Hace unos días, los medios de comunicación dieron la noticia de la desaparición física de don Luis H. Álvarez, sin duda, uno de los personajes más respetados de la clase política mexicana en los últimos años. Un hombre que entendió, como pocos, que la política no es un fin, sino un instrumento al servicio de los demás, al servicio del bien común. Quiero en esta columna dejar testimonio de mi admiración y respeto a la figura de don Luis y mi agradecimiento personal por todas las oportunidades que tuve de abrevar de su inteligencia, capacidad, talento, bonhomía, y también de la sencillez que siempre lo caracterizó. Este artículo es, pues, un sentido y desde mi óptica, un muy merecido reconocimiento a un estadista mexicano, en toda la extensión de la palabra, y a un panista ejemplar: don Luis H. Álvarez.
Hablar de don Luis es hablar de la lucha del Partido Acción Nacional por la democratización de México; es hablar de lo mejor que tiene el panismo: inteligencia, voluntad, congruencia, convicción, honestidad y, sobre todo, una fe inquebrantable en el porvenir de México. En los años más oscuros del autoritarismo, don Luis fue una voz que resonó en todo México para defender la libertad política de los mexicanos. Lo hizo recorriendo largas distancias con su “Caravana por la Democracia” desde Chihuahua hasta Querétaro; lo hizo ayunando durante 41 días en el Parque Lerdo de la ciudad de Chihuahua, en protesta por el fraude electoral que se gestaba en contra de los chihuahuenses; lo hizo en cada mitin, en cada plaza, en cada lugar en el que sus palabras, sus ideas y su autoridad moral se fueron abriendo camino.
Como senador, se le recuerda con especial admiración, porque tuvo la enorme responsabilidad de presidir la Comisión para la Concordia y la Pacificación en Chiapas, luego del alzamiento zapatista de 1994. Ahí, don Luis demostró que, por encima de ideologías y partidos, su compromiso siempre estuvo con las mejores causas de México.
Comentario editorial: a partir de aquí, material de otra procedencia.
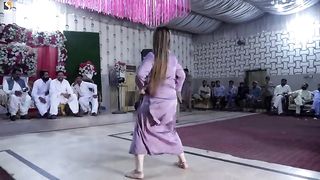Beautiful party mujra dance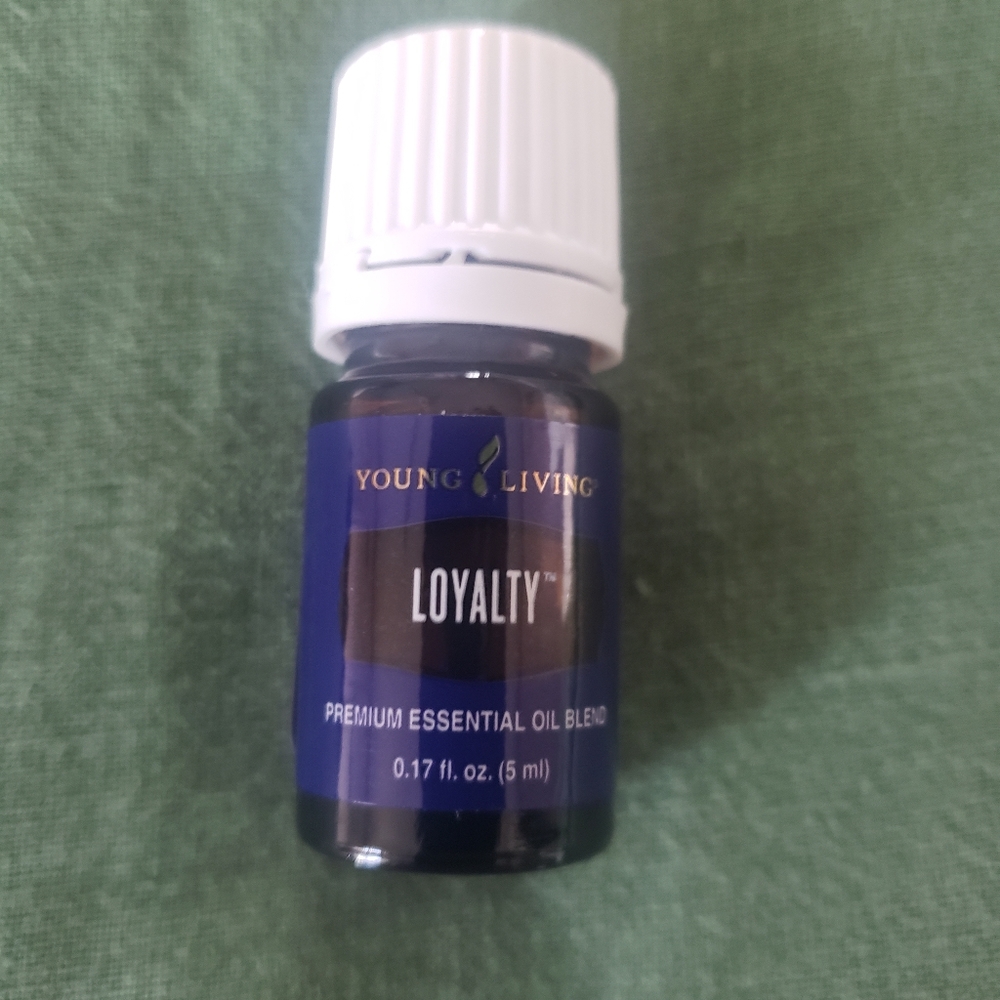Young Living Loyalty Essential Oil Blend - Deep Blue and White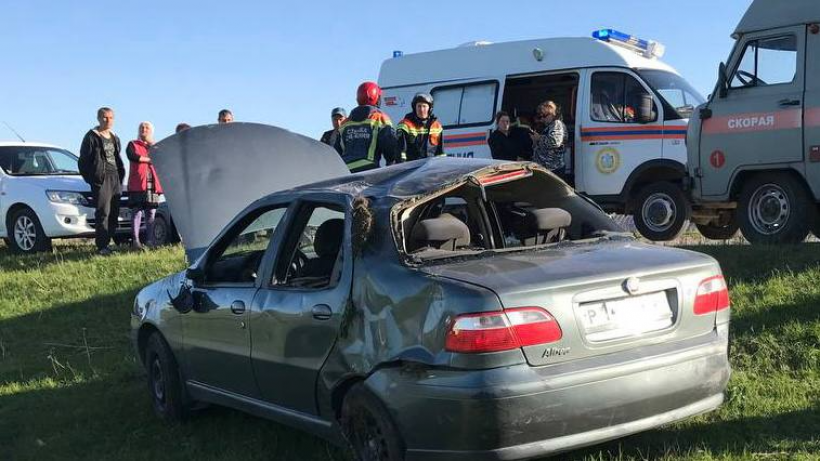 В страшном ДТП под Саратовом погибла одна школьница, три пострадали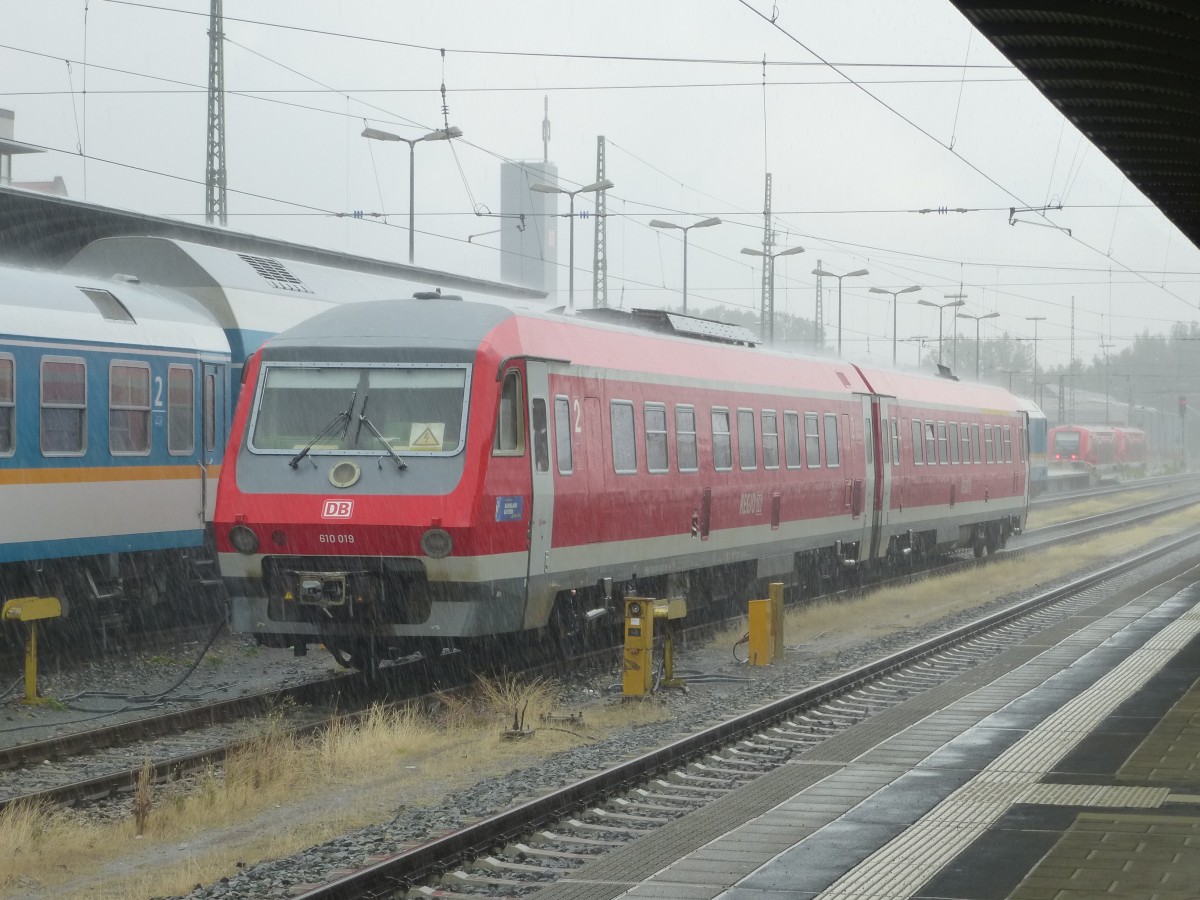 610 019 stand hier am verregneten 05.08.2014 im Hofer Hbf.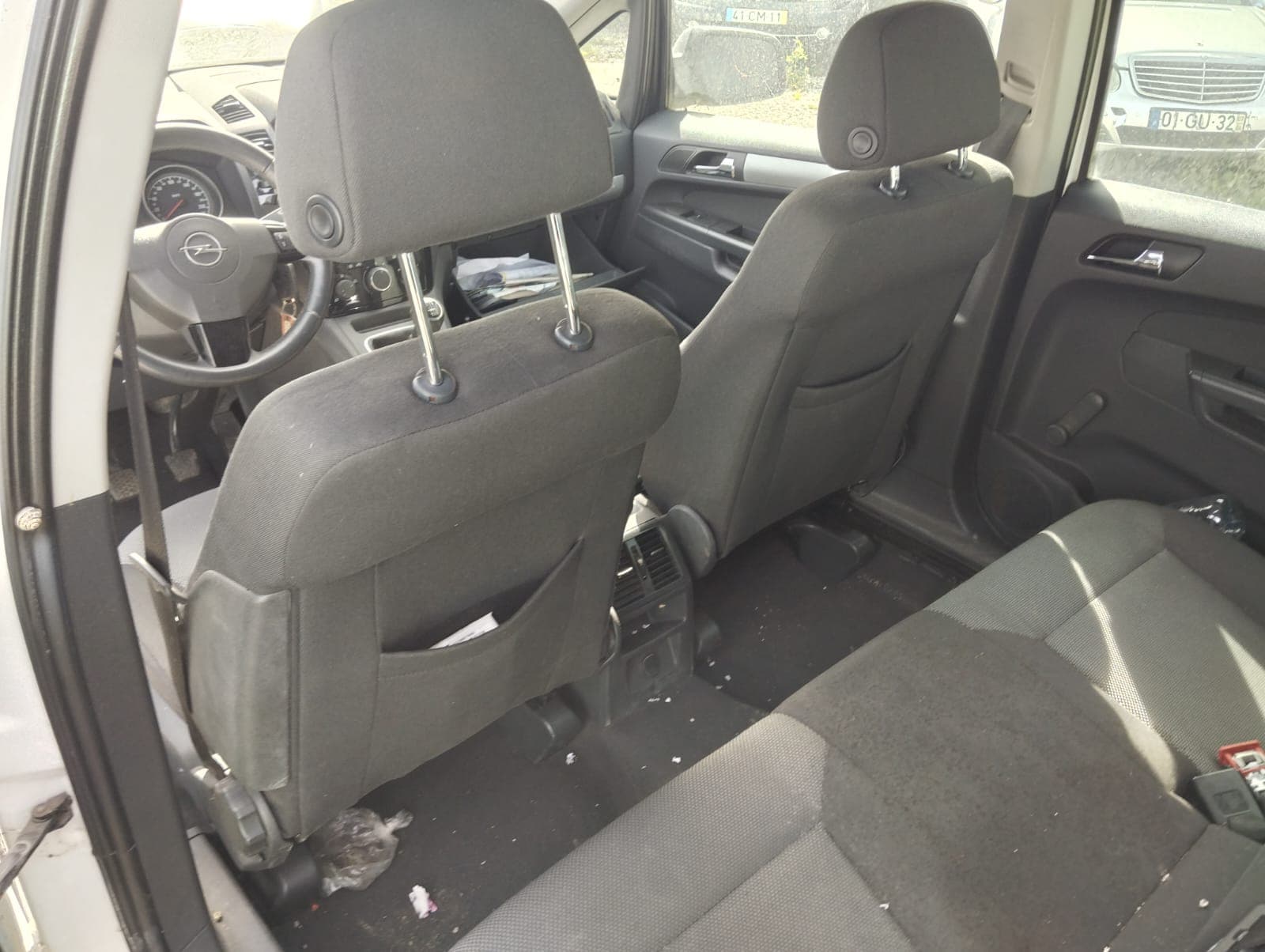 Opel Zafira 1.7 CDTI · Ano 2011 — image 17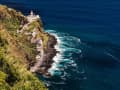 Ponta Delgada, Azoren - Küstenleuchtturm auf steilem Klippenrand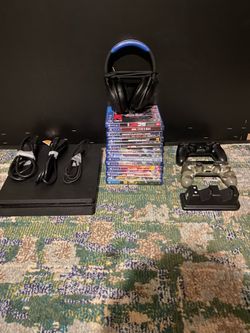 PS4 Slim 500GB Bundle + 11 Games + 2 Controllers + Headset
Como buen humanista, tuvo la sensibilidad y la generosidad para escuchar todas las voces y encontrar soluciones consensuadas a problemas sumamente complejos.
En su última responsabilidad pública pudimos ver a don Luis como un incansable defensor de los derechos de los pueblos indígenas y de otros grupos vulnerables. En el año 2010, en la ceremonia en que el Senado de la República le otorgó la medalla Belisario Domínguez, don Luis dedicó buena parte de su discurso a las comunidades indígenas y a otros grupos vulnerables y señaló con gran razón que: “No podemos estar satisfechos de nuestra incipiente democracia mientras persistan las graves desigualdades todavía existentes. Nuestra democracia sólo se consolidará en la medida que avancemos en erradicar la discriminación y la exclusión que aún padecen pueblos y comunidades indígenas, los diferentes grupos vulnerables y en general aquellos sectores alejados de las oportunidades de desarrollo”.
Don Luis entendió, como ningún otro, que la política no podía ser reducida sólo al terreno electoral, que el futuro de México no cabía en una elección, que la construcción de un México mejor no era cosa de un solo día, que había que dialogar con todos, partidos y gobierno, que el diálogo y los acuerdos son el mecanismo privilegiado para lograr las transformaciones, tomó riesgos y contribuyó como nadie a que nuestro país se abriera a la democracia.
La democracia que hoy tenemos es resultado de un largo camino de cambios que han costado vidas, tiempo y múltiples esfuerzos. Si hacemos un balance de lo que como país hemos avanzado en la consolidación de nuestra democracia, necesariamente estará presente la destacada y honesta participación de don Luis, su nombre y su lucha incansable, así como sus logros, estrechamente asociados al movimiento democratizador de México. Descanse en paz, bien lo merece.